You asked, and here it is: The modern version of the #352 Icing Depot. It's about 30 seconds in...<http://www.youtube.com/watch?v=C8gxM2B8ZIk>. Maybe the postwar one, like the one I've got has a more vintage look, but the action is hilariously fast - this one's action is nice...


----------



## sjm9911 (Dec 20, 2012)

That was cool, thanks. I had no idea what it was supposed to do. The action is smooth. I guess you can blame the speed on the greater work effort of the old timers, the new guy is just lazy!


----------



## sjm9911 (Dec 20, 2012)

The parts came in today right before dinner and I couldn't wait to put the fm back together. It cleaned up pretty well. I changed out the battery clamp, and needed a new motor mount screw. It works as is. Forward, neutral, reverse, no problem. The horn needs a wire reconnected but when jumped it works. The frame got 4-5 coats of bluing. I tryed to coat it with wax, etc to no avail. It ate away at the bluing. I went with a lite coat of oil. It will attract dust but the oil darkened the frame nicely. I do no know how to tell if the motors are in sync. It seems to run rather well. I will clean up the shell soon. Any advice, clear coat etc, my usual soaking will take off the decals and I don't want to do that.


----------



## gunrunnerjohn (Nov 10, 2010)

That looks great, hard to imagine it's the same locomotive as we saw earlier! :thumbsup:


----------



## tjcruiser (Jan 10, 2010)

What a fabulous improvement! Excellent work.

(Now just don't leave that battery in for another 60 years!)

TJ


----------



## Big Ed (Jun 16, 2009)

Looking good, :thumbsup: Did you lube the gears? 
In the one picture I see, the gear looks dry.

Before you do the shell, post a couple of more pictures of the shell, you only have the one, do both sides and the front and back. Get one of the inside too.

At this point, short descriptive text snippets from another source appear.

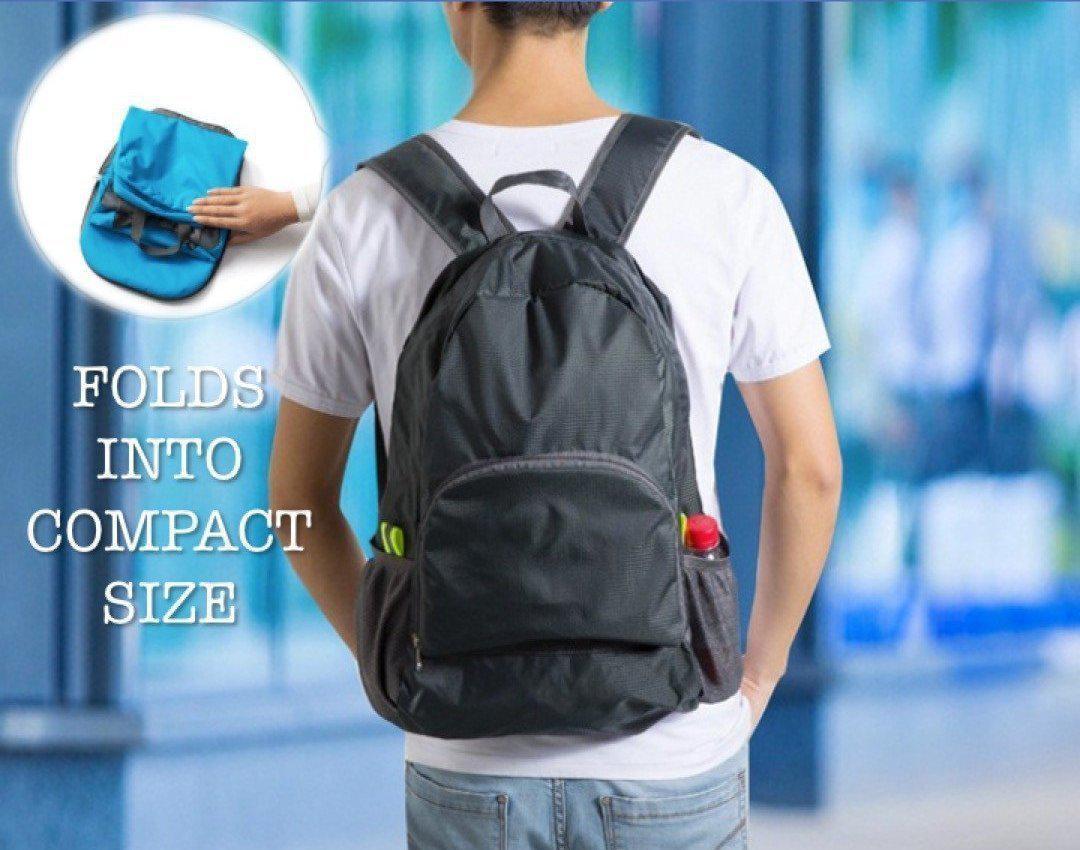 Foldable Travel BackPack , bag corporate gifts , Apex Gift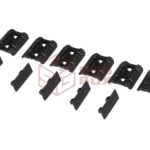 Magpul M-LOK Rail Cover Type 2 Black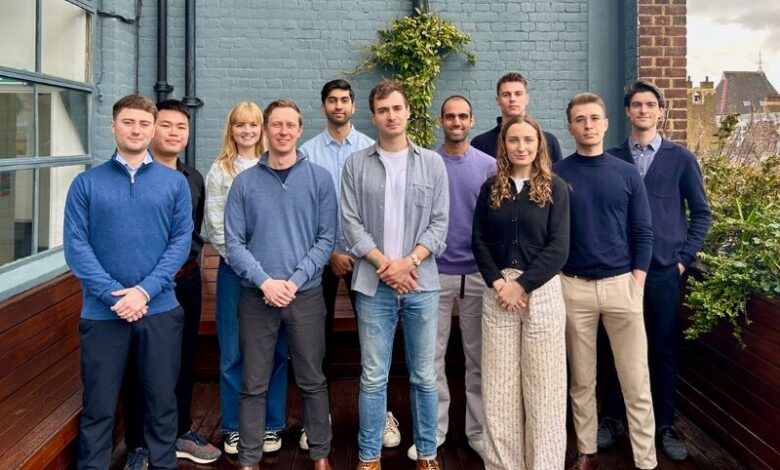 Fintech Startup Unwritten Raises .5 Million for Solution to Integrate Climate Change in Financial Decisions Fintech Startup Unwritten Raises .5 Million for Solution to Integrate Climate Change in Financial Decisions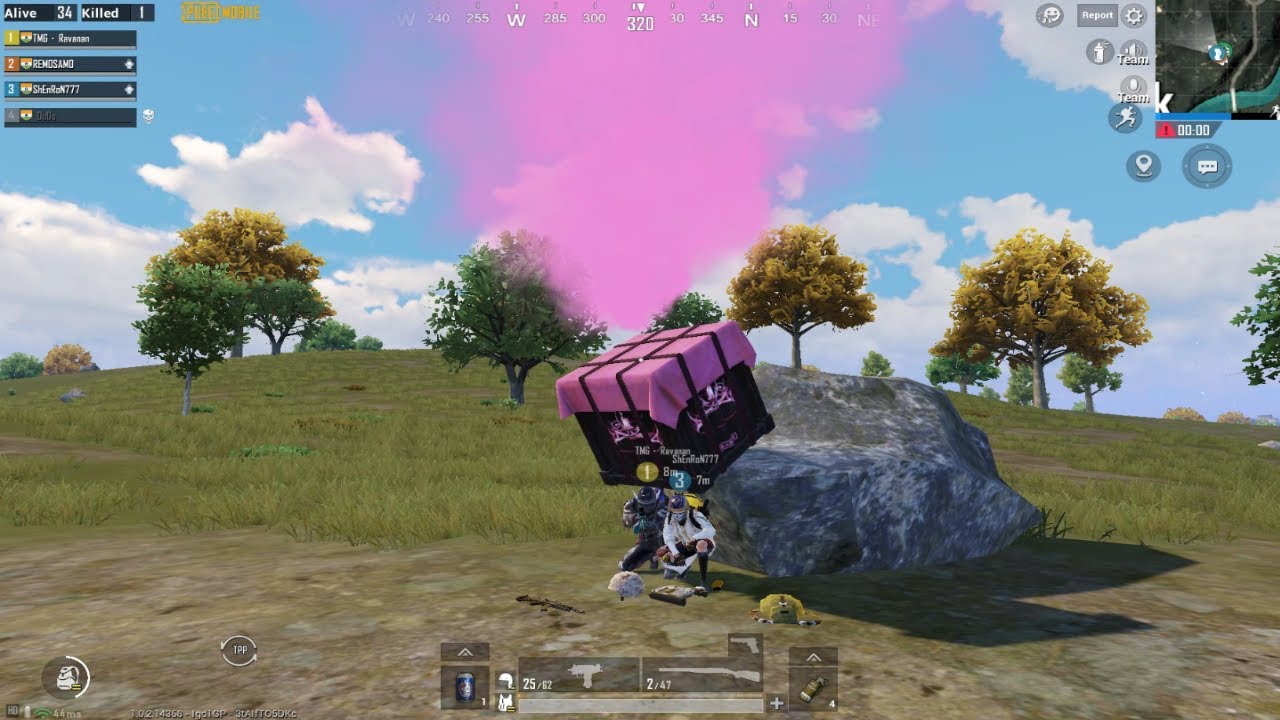 When Malayalis Play Pubg Mobile | Pubg Malayalam | EP 570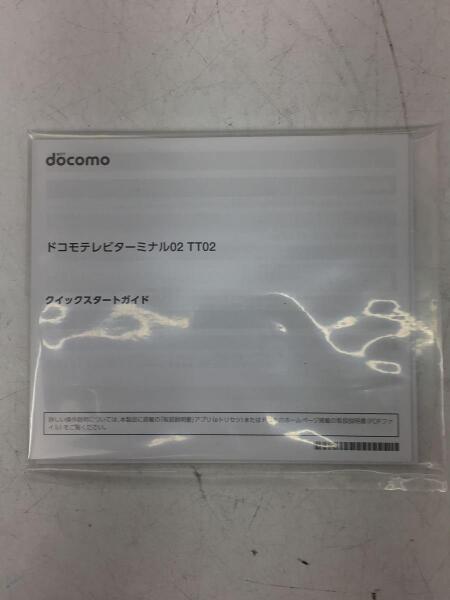その他ブランド(ソノタブランド) / docomo select/ビジュアルその他
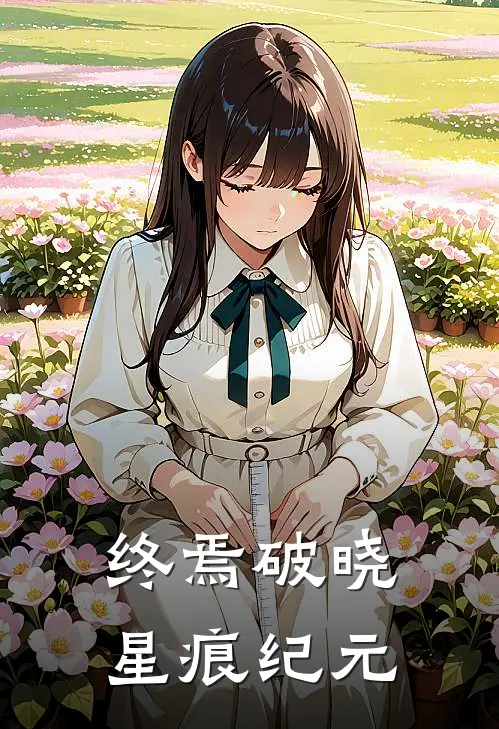 终焉破晓：星痕纪元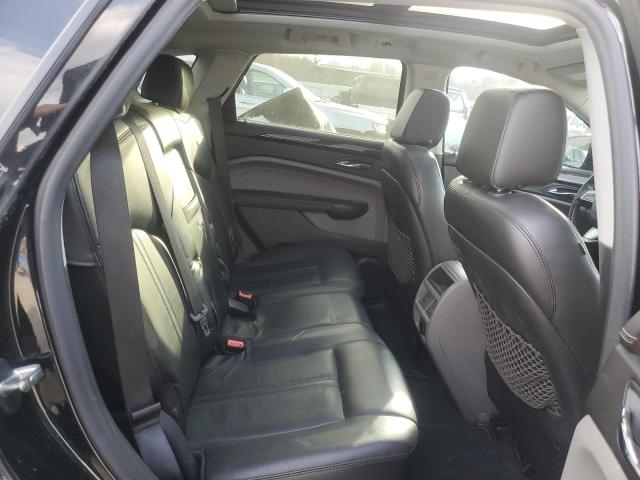 Photo 11 from auction – 2011 CADILLAC SRX PERFOR with VIN 3GYFNEEY1BS595583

Please.

I think I have seen the FM decals for sale somewhere.
It would be nice if you could repaint it.
The walkway under the handrails, are they all metal?


----------



## imatt88 (Jan 31, 2010)

beautiful job on the resto:thumbsup:

What is this rust stuff you guys were talking about?


----------



## Big Ed (Jun 16, 2009)

imatt88 said:


> beautiful job on the resto:thumbsup:
> 
> What is this rust stuff you guys were talking about?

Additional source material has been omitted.